TASK INSTRUCTIONS ▸ Nothing but text lines should be duplicated: start with the first line of the listing below and stop after the line holding "Peugeot 308 Allure 2.0 Flex 16V 5p Aut.", omitting pictures.

═══ SUPPLIED MATERIAL

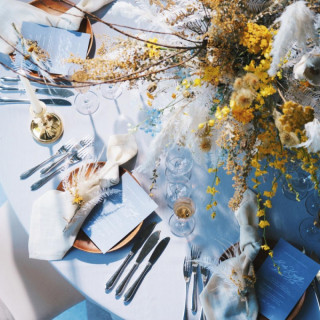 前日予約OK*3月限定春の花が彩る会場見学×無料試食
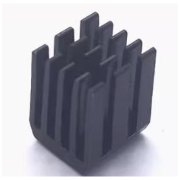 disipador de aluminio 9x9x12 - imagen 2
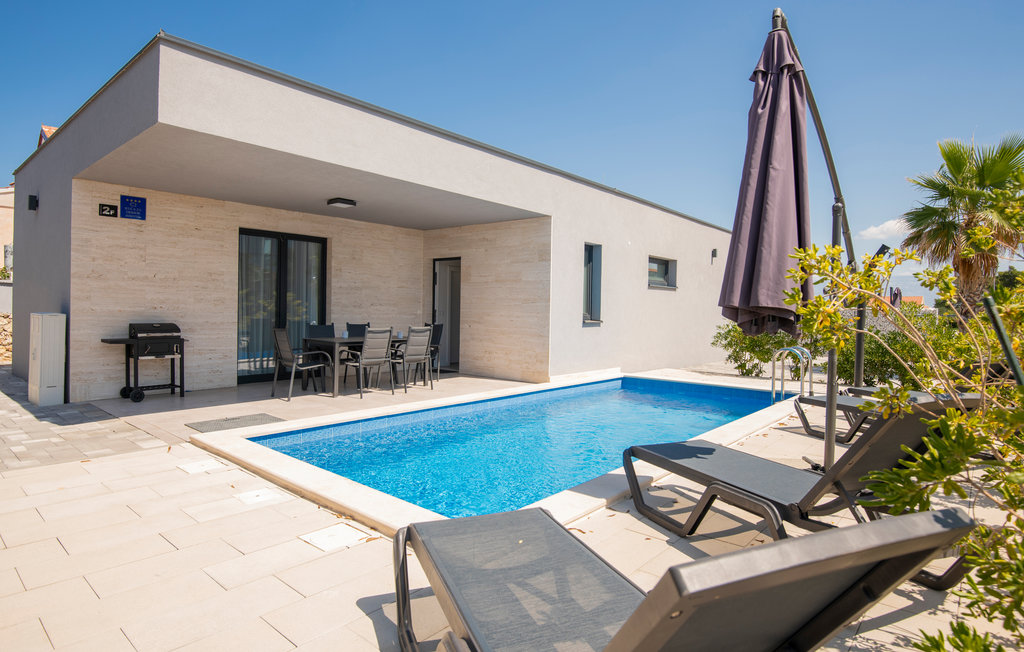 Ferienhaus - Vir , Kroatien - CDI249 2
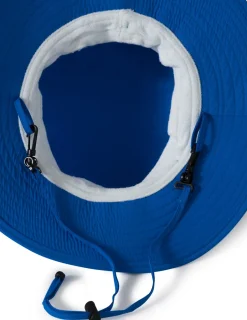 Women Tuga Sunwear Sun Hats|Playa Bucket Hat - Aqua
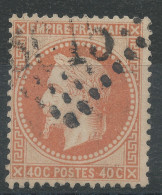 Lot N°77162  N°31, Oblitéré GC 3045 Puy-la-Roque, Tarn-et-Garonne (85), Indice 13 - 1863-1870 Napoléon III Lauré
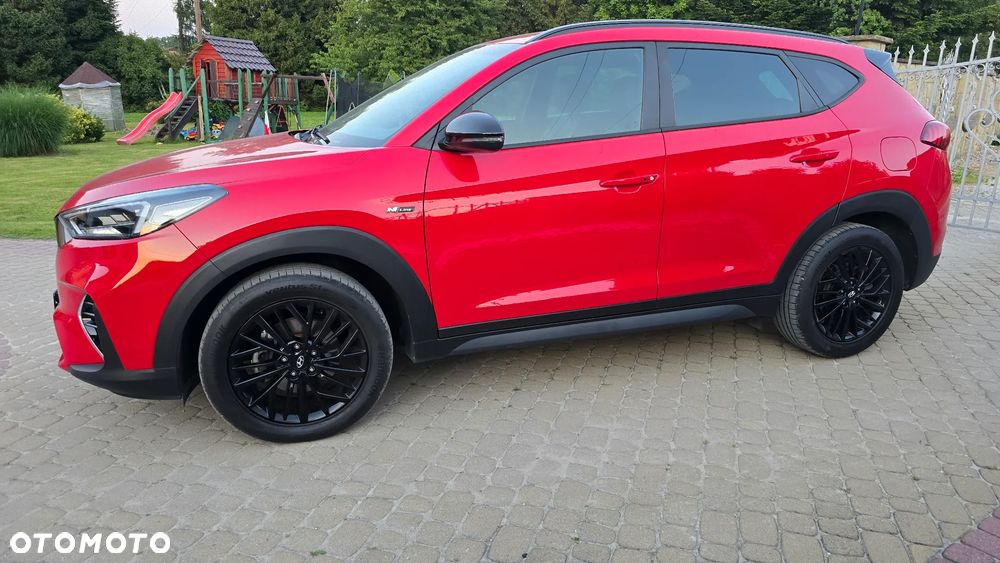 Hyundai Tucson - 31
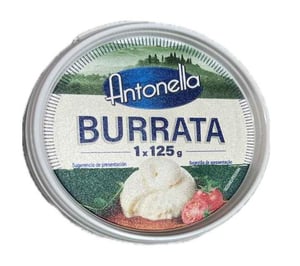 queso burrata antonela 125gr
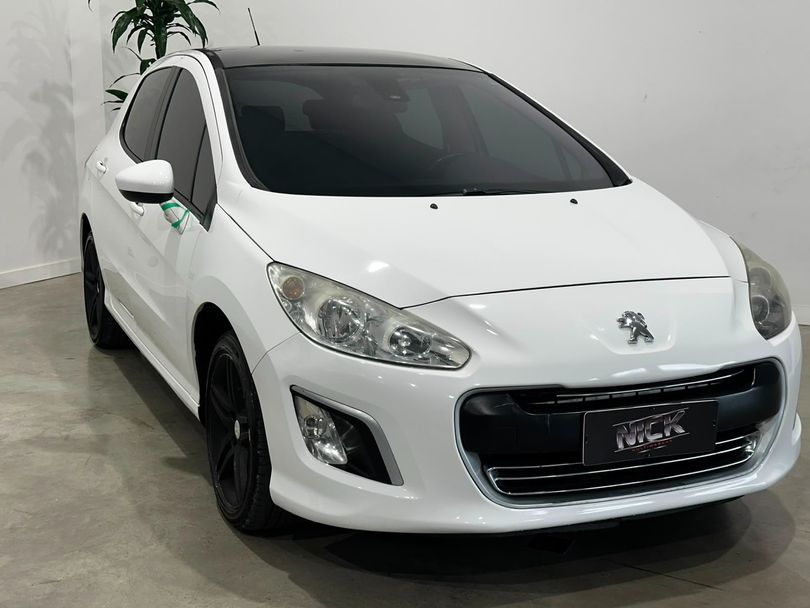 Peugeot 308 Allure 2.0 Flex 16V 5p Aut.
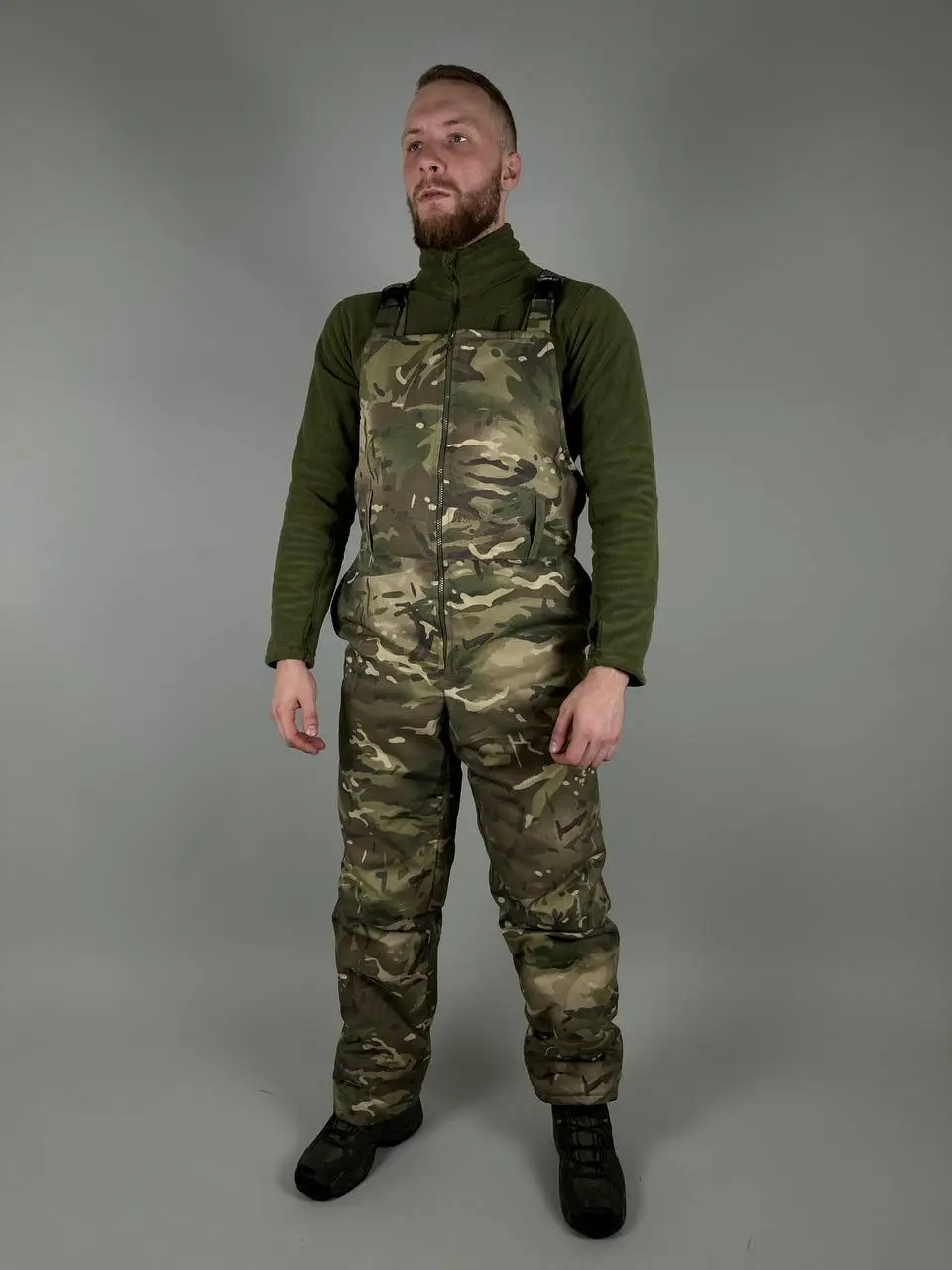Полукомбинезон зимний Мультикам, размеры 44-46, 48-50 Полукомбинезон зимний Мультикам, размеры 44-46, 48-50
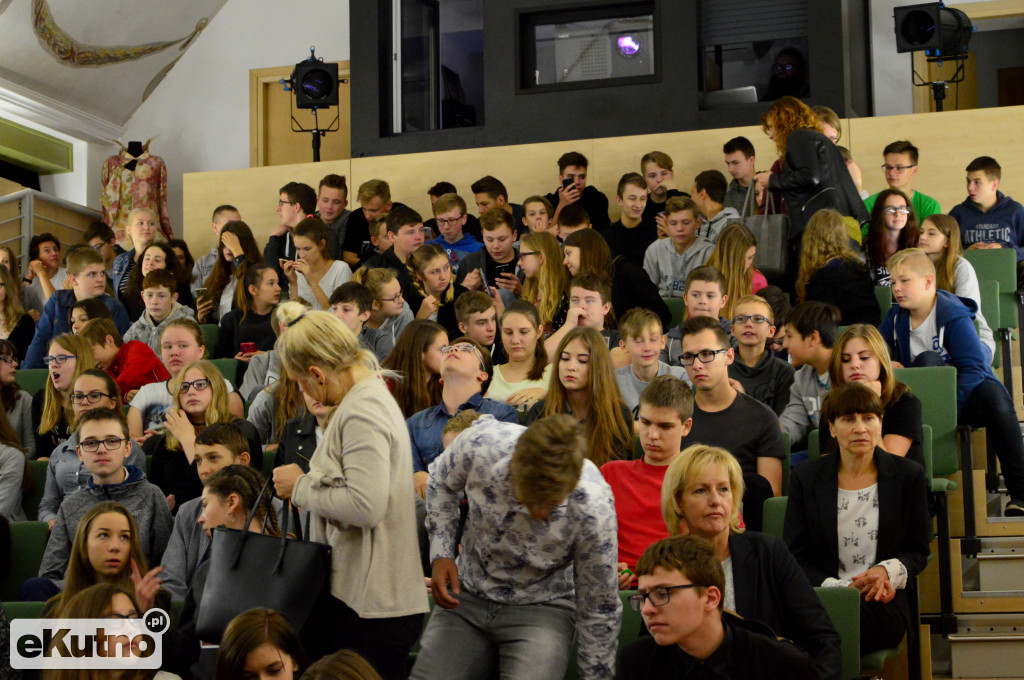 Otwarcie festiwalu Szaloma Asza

══════

ANSWER SECTION ▸
 前日予約OK*3月限定春の花が彩る会場見学×無料試食
 disipador de aluminio 9x9x12 - imagen 2
 Ferienhaus - Vir , Kroatien - CDI249 2
 Women Tuga Sunwear Sun Hats|Playa Bucket Hat - Aqua
 Lot N°77162  N°31, Oblitéré GC 3045 Puy-la-Roque, Tarn-et-Garonne (85), Indice 13 - 1863-1870 Napoléon III Lauré
 Hyundai Tucson - 31
 queso burrata antonela 125gr
 Peugeot 308 Allure 2.0 Flex 16V 5p Aut.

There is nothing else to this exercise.